# TASK REQUIREMENTS
Print all the data that follows exactly, images excluded.

# GIVEN DATA
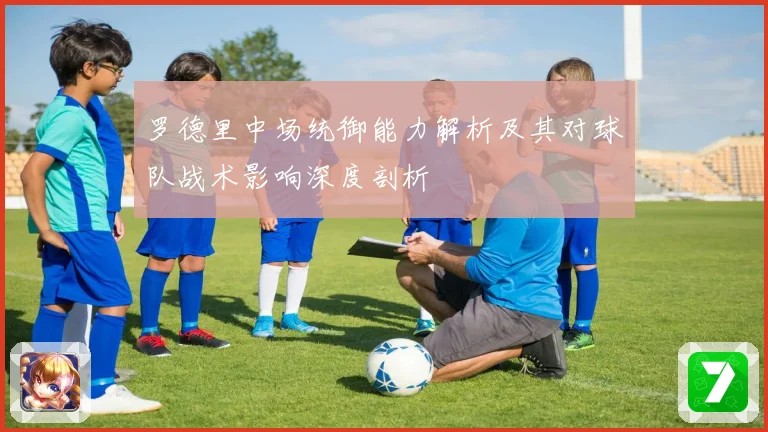 罗德里中场统御能力解析及其对球队战术影响深度剖析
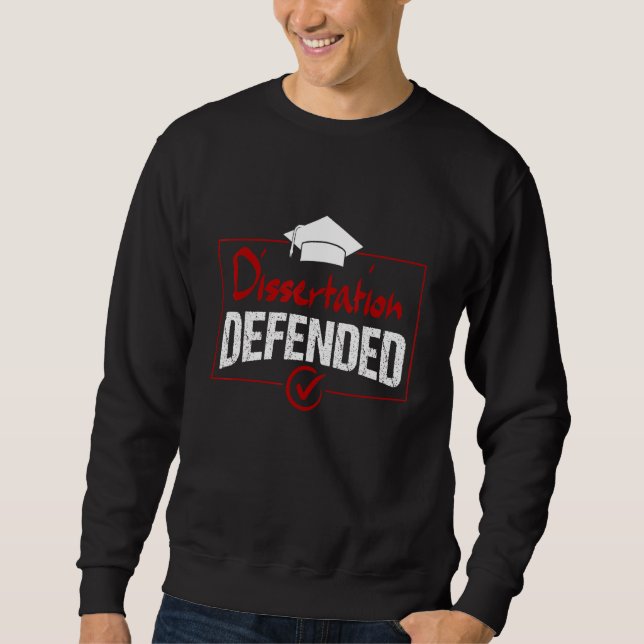 Dissertation Defended PhD Graduate Ph.D. Graduatio Sweatshirt (Front)
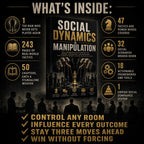 SOCIAL DYNAMICS & MANIPULATION: The Underground Playbook For Power, Influence, And Winning The Games Nobody Admits They're Playing
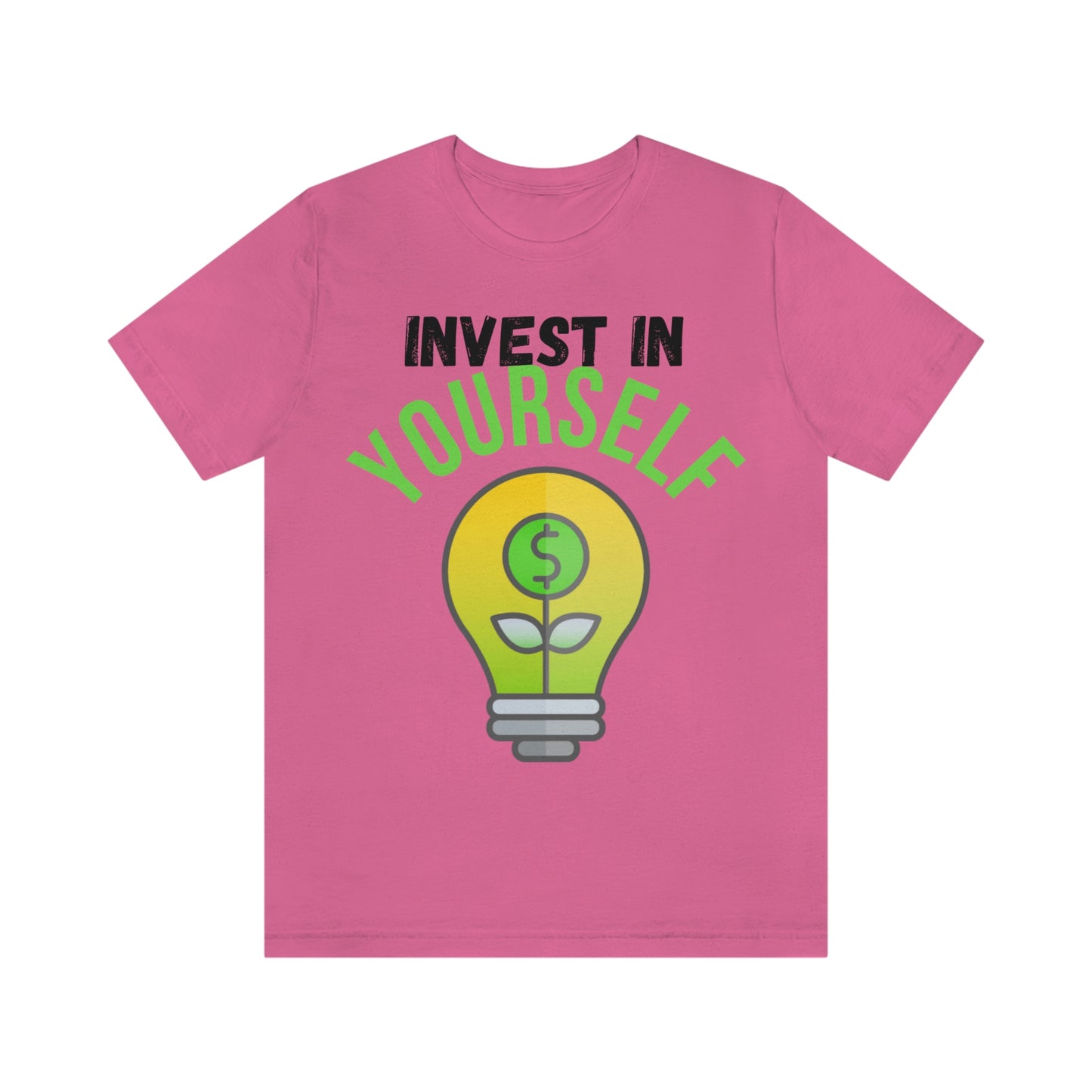 Invest in Yourself T-Shirt - Get the Best Returns on You!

# EXERCISE SOLUTION
 罗德里中场统御能力解析及其对球队战术影响深度剖析
 Dissertation Defended PhD Graduate Ph.D. Graduatio Sweatshirt (Front)
 SOCIAL DYNAMICS & MANIPULATION: The Underground Playbook For Power, Influence, And Winning The Games Nobody Admits They're Playing
 Invest in Yourself T-Shirt - Get the Best Returns on You!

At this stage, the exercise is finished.